« Femmes en politique aux Etats Unis », par Ariane Sauvage
Entre les scandales d’Hollywood et les outrances occasionnelles de la Maison-Blanche, cela fait plusieurs mois que la cause des femmes bouillonne outre-Atlantique, et à juste titre pour beaucoup. Cependant, l’élection de Donald Trump à la Présidence des Etats-Unis le 8 Novembre 2016, amplement commentée, décriée et attaquée, a occulté le fait que les législatives du même jour ont en fait plutôt servi l’avancement des femmes dans la constellation politique américaine.
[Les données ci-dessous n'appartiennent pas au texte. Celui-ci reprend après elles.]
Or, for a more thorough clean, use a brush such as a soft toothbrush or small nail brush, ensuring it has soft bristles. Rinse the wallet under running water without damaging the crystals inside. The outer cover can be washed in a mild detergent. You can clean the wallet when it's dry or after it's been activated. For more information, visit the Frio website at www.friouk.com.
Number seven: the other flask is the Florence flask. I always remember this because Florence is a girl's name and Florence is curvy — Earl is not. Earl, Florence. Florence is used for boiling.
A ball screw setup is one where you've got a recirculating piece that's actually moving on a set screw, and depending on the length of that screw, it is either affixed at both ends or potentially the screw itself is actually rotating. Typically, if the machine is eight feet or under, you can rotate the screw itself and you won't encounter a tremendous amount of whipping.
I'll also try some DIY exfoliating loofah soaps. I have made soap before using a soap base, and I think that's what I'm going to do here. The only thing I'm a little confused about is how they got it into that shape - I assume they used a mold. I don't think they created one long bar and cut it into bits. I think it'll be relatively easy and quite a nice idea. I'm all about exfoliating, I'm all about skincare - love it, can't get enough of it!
Sept d’entre elles en effet ont réussi à escalader des murs autrefois infranchissables.
Prenons par exemple Ilhan Omar, musulmane d’origine somalienne, ayant passé sept ans de sa vie dans un camp de réfugiés au Kenya, aujourd’hui élue dans le corps de la législature.
Ou Stéphanie Murphy, que la US Navy a sauvée, enfant, avec ses parents boat-people, première vietnamienne à être élue au Congrès ; Kate Brown, élue gouverneur de l’Oregon et première femme ouvertement bisexuelle à être choisie à ce poste ; Pramila Jayapal, originaire de Tamil Nadu, Inde, arrivée aux Etats-Unis à 16 ans, aujourd’hui siégeant à la Chambre des Représentants pour l’Etat de Washington.
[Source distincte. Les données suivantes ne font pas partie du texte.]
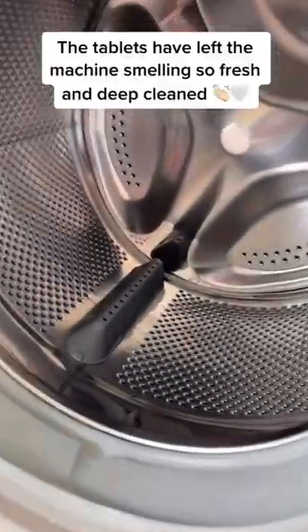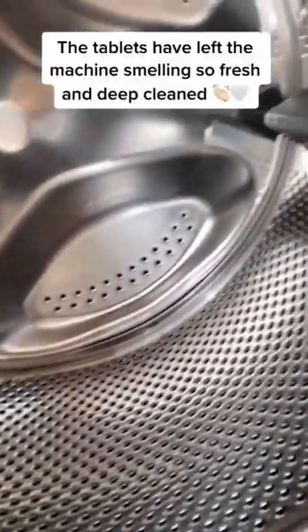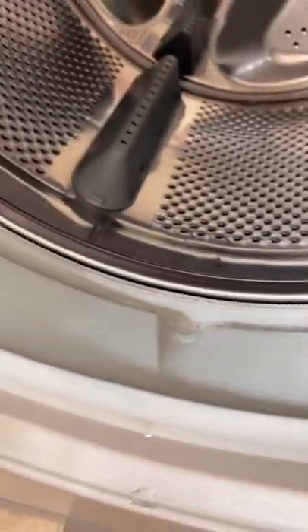The tablets have left the machine smelling so fresh and deep cleaned. Dishwasher Tablet!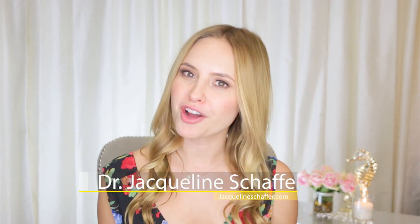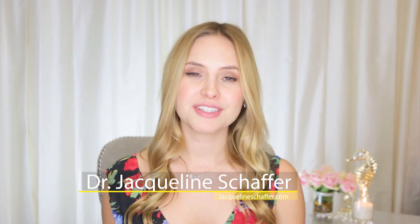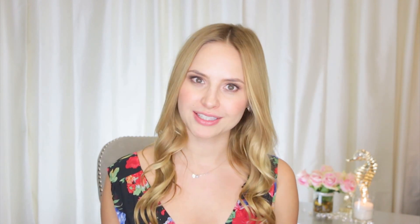Hi all my chic girls and welcome back to an amazing video I have for you today. For those of you who don't know me, my name is Dr. Jacqueline Schaefer. Today's video is about what to do when you've been in the chlorine pool all day long. I'm going to tell you about all the amazing tricks and tips.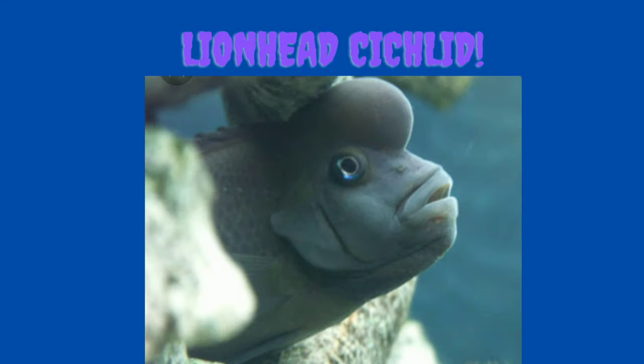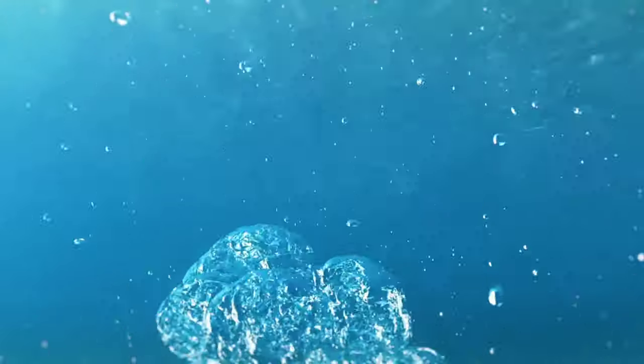I am thoroughly enjoying this species, and you may too if you're looking for a smaller alternative to humphead cichlids. And with that said, this is Skip — I'm out.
Et pour finir, trois femmes élues au Sénat : Catherine Masto, petite-fille d’émigré mexicain et première Latina à entrer au Congrès, comme Sénatrice du Nevada. Kamala Harris, choisie par la Californie, troisième femme sénatrice de cet Etat mais première d’ascendance jamaïcaine et indienne. Et enfin Tammy Duckworth, sénatrice de l’Illinois.
Ainsi avance la vie politique américaine, avec un certain art du paradoxe, choisissant pour l’exécutif un grand blond aux yeux bleus, taillé dans le bloc Républicain, et explorant à pas prudents les immenses variations sociétales apparues depuis la Seconde Guerre mondiale en imposant dans le corps législatif des dames aux yeux en amande et aux cheveux bruns, toutes Démocrates.
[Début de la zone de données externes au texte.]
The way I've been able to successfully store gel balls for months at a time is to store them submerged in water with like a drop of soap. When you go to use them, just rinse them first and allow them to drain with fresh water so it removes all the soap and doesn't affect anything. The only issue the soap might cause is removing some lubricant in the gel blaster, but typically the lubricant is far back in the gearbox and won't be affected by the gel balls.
Penchons-nous un peu sur le cas de Tammy Duckworth, qui semble conjuguer à elle seule la conquête de tous les impossibles.
Mrs Duckworth est née à Bangkok, Thaïlande en Mars 1968, d’une mère thaï et d’un père US Marine et ancien soldat dans la Seconde Guerre mondiale. La famille se déplace beaucoup en Asie du Sud-Est à cette époque, ce qui permet à la jeune Tammy d’apprendre le thaï et l’indonésien qu’elle parle couramment.
Puis, rentrés en Amérique, ils s’établissent à Hawaï où ils vivent dans une semi-précarité quand le père quitte l’Armée et ne retrouve pas d’emploi. Dans ses discours ultérieurs, la jeune députée rappellera souvent comment son frère et elle ont eu du mal parfois à diner à leur faim entre les allocations nourriture de l’Etat et les petits boulots enchaînés par leurs parents.
Elle a 22 ans quand jeune diplômée de l’Université George Washington, elle décide de suivre l’exemple paternel en entrant à son tour dans l’Armée. Devenue officier de réserve, elle s’oriente vers l’un des rares postes de combat proposés aux femmes et devient pilote d’hélicoptère. Elle entamait à peine les recherches pour son doctorat quand son unité fut envoyée en Irak, à la suite de la déclaration de guerre de George W. Bush. Mais le 12 Novembre 2004 sonne le glas de ses ambitions militaires, quand lors d’une mission de routine au-dessus de Bagdad, des résistants irakiens effectuent un tir de roquettes sur le Black Hawk dont elle est copilote.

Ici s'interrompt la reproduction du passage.